Earls F. J. Adolesc. Health 1991; 12(8): 619-629.

Affiliation

Harvard School of Public Health, Department of Maternal and Child Health, Boston, MA 02115.

Copyright

(Copyright © 1991, Elsevier Publishing)

DOI

unavailable

PMID

1799572

Abstract

Both the single case I encountered in the Boston Globe and several sources of national data give a picture of young Black males as a group at extraordinarily high risk for injury and premature death. It is a consequence of violent behavior most often directed toward them by individuals of the same race and of similar age. I do not believe, however, that focusing on the behavioral characteristics of this subgroup will gain us much in controlling the very high costs in life and well-being they incur. Rather, we need to concentrate our attention on the social contexts in which these young men grow up, on the quality of housing and public schools available to them, on their access to firearms, and on opportunities for legitimate employment available to them. This is an urgent, pressing need for which there exists no formula for success. Many communities across the country are making an effort to find ways of coordinating such needs into a common and sustained strategy.
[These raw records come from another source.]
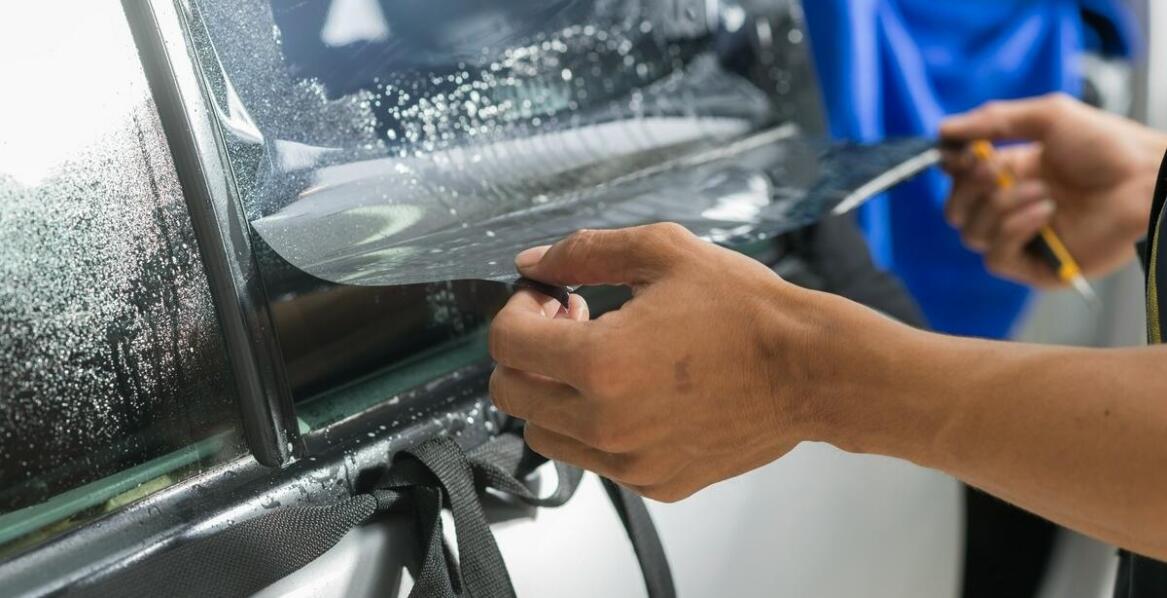 Zastosowanie samoprzylepnych folii w nowoczesnej reklamie wizualnej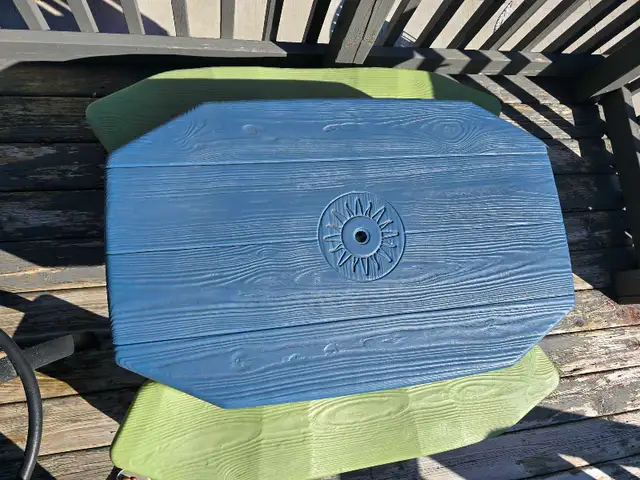 little tikes picnic table with umbrella - Photo 2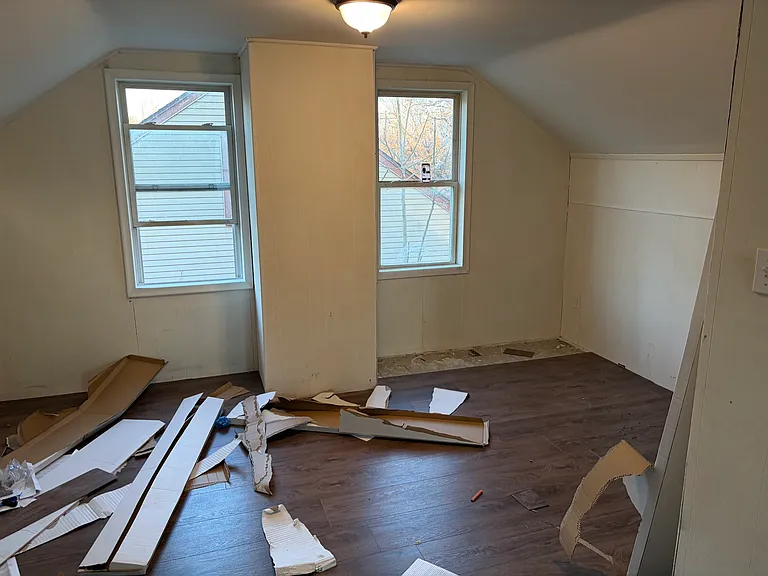 26711 Carlysle St — Photo 3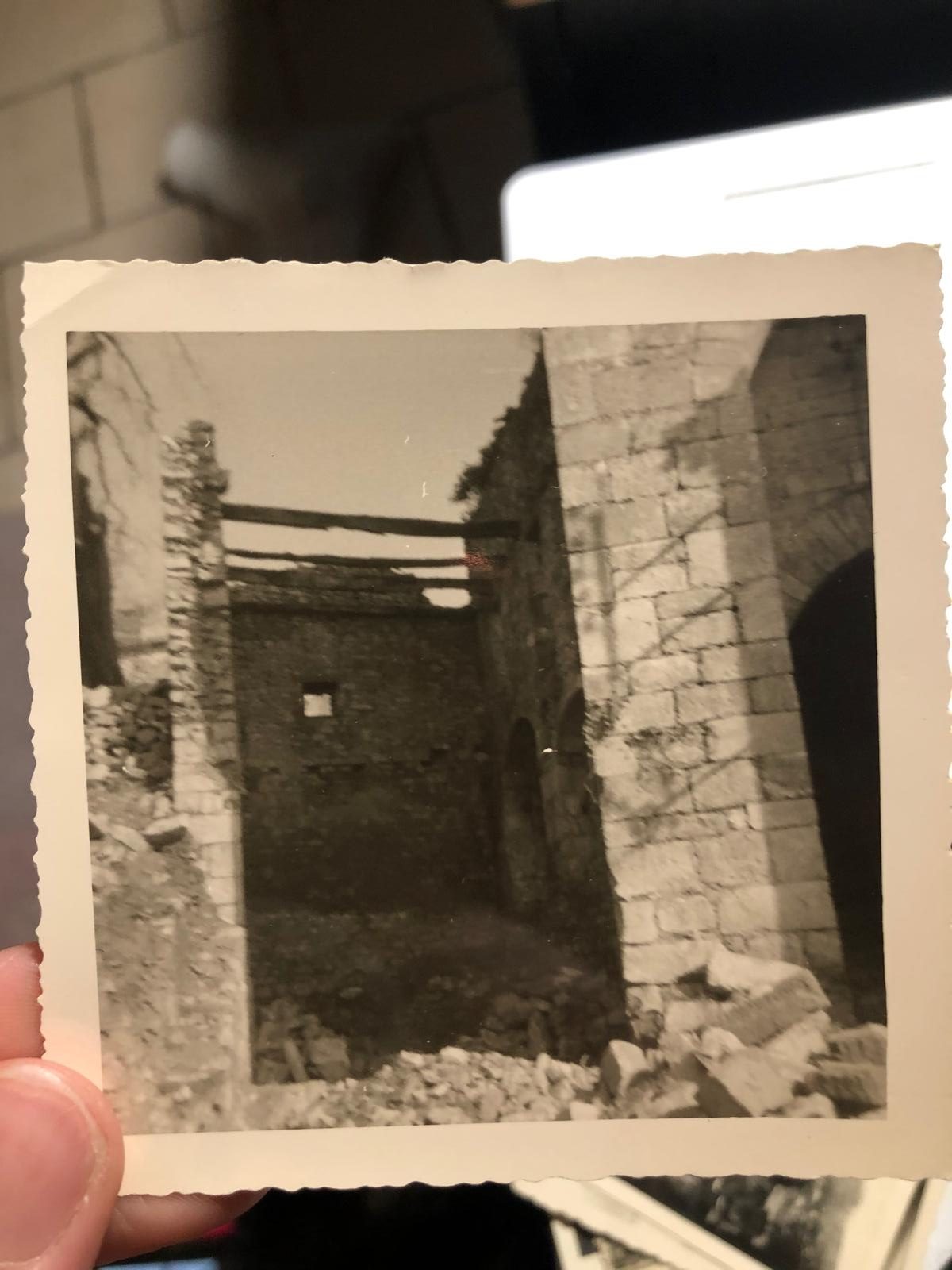 a propos la taverne du temps - bruniquel 9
We are clearly at the beginning stage of a campaign. In morally isolating ourselves from this segment of the population, we confer on it the status of being quarantined. Public fear and distrust assume the appearance of a rational response. Gradually these young men and their would-be families become functionally obsolete in society. As a matter of policy, the environments they inhabit are neglected, and, predictably, they deteriorate. It is in this sense that our science policy in regard to violence may be ahead of public policies that regulate (or fail to regulate) the environments in which violence breeds most extensively. The fact that public health, bolstered by the basic developmental and sociological sciences, is poised to take on a leadership role in combating this modern epidemic is welcome news. Recalling the successes of public health campaigns to control infectious diseases, such as tuberculosis, may only be relevant in providing us with a sense of what constitutes a campaign to combat violence. The key actors in this important endeavor appear to be ready for a period of intense cooperation and forging of new knowledge. Now that we have failed in our effort to meet the 1990 objective for a reduction in violent death, the challenge is indeed a weighty one.